First of all, before going down this rabbit hole — really check whether it’s genuinely impossible to represent this model in SQL. Some warehouses offer inbuilt machine learning materializations (check out this BigQuery package as an example), and most warehouses have the ability to add python or javascript UDFs, and include native stats functions. Whenever possible, try to make this non-SQL model, a SQL model. But, if you really can’t do that, let’s go on…
It may be a good idea to represent this non-SQL model in your dbt project — for one, representing it in your project makes it documentable. Secondly, without representing it in your project, it’s possible that you could end up in a weird cycle, where you accidentally use the output of your non-SQL model as an input to a dbt model, and that dbt model is also an input to the non-SQL model. Making your project “aware” of this node will help prevent this since dbt won’t let you create cyclic graphs.
So, how should we represent this table?
-
Is this non-SQL model a source? Not really, since there’s upstream dependencies that are part of your dbt project
-
Is this non-SQL model an exposure? Kind of, since it’s an interface that consumes dbt models, but again, not really — exposures can’t have downstream dependencies in your project.
-
Is this non-SQL model a dbt model? Also no, since it doesn’t get created as part of your dbt project. But the nice thing about dbt models is that they have upstream and downstream dependencies, just like this machine learning model, so it’s the closest we have!
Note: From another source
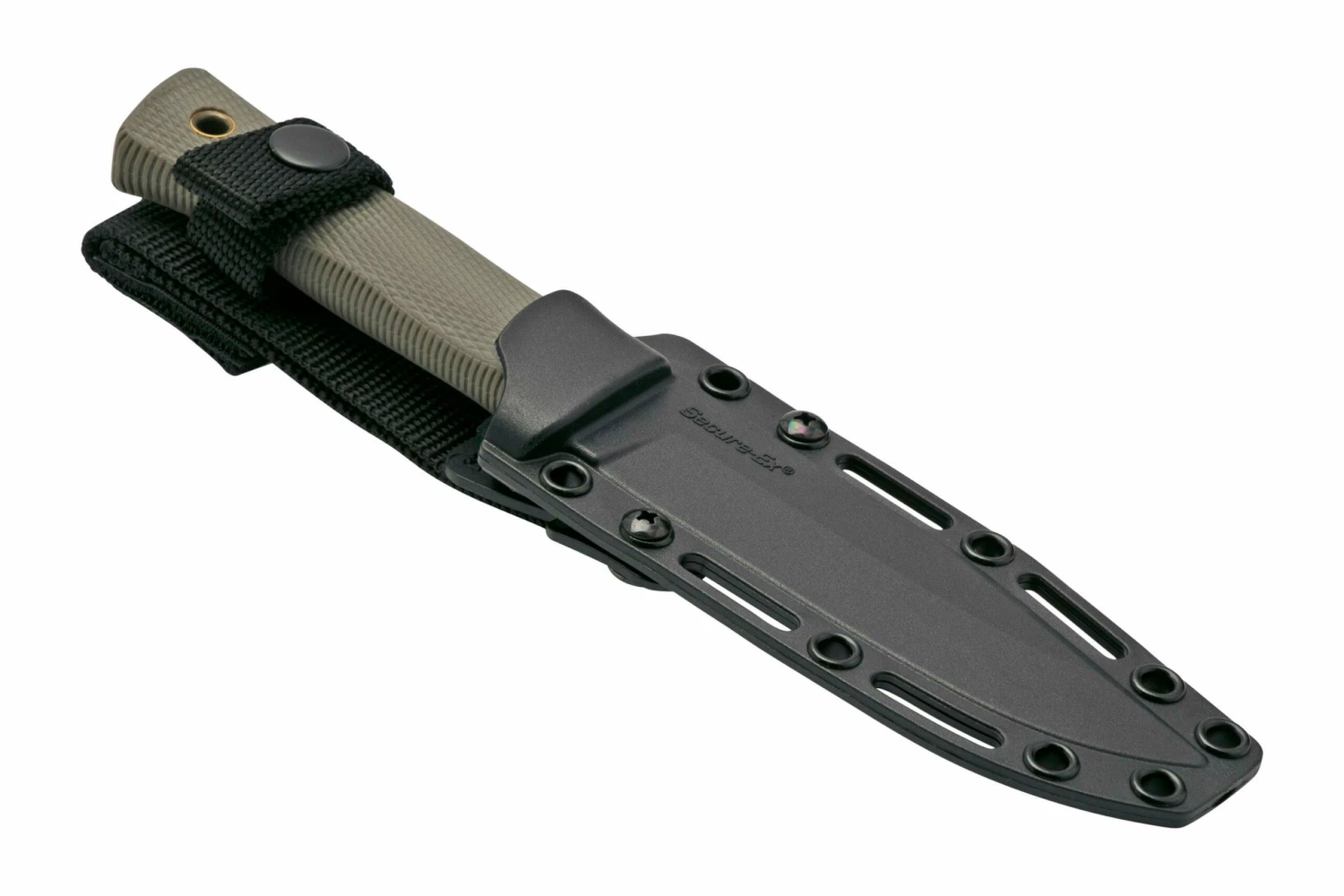 Cold Steel SRK Compact 49LCKDDEBK, Dark Earth, Cuchillo De Supervivencia 6 Cold Steel SRK Compact 49LCKDDEBK, Dark Earth, Cuchillo De Supervivencia - Imagen 6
A hacky way to represent this non-SQL model in your project is to add it as a dbt model, with a simple select *
.
models/customers_predicted_ltvs
{{ config(materialized='ephemeral') }}
/*
This table is created by a non-SQL process (you should probably add more info IRL),
which selects from the following dbt models:
{{ ref('customers') }}
{{ ref('orders') }}
*/
select * from my_schema.customers_predicted_ltv
Things to note:
- including the
refs
in a comment means that the edges in your DAG will be drawn between upstream dbt models, and this non-SQL model - declaring this as an ephemeral model means dbt won’t try to build this itself
- now this can be documented with
descriptions
in.yml
files
Then in downstream models, you can create downstream dependencies!
models/fct_customers.sql
with customers_predicted_ltv as (
select * from {{ ref('customers_predicted_ltv') }}
),
...
It’s important to note that this is a hack —while we’ve managed to represent our non-SQL model in our DAG, that model will not be updated by a dbt run
. As a result, it’s likely that your dbt models and your non-SQL model will be updated on different cadences, which can lead to odd edge cases.
I’d love to hear if anyone has used a similar, or different, approach, and what challenges they encountered!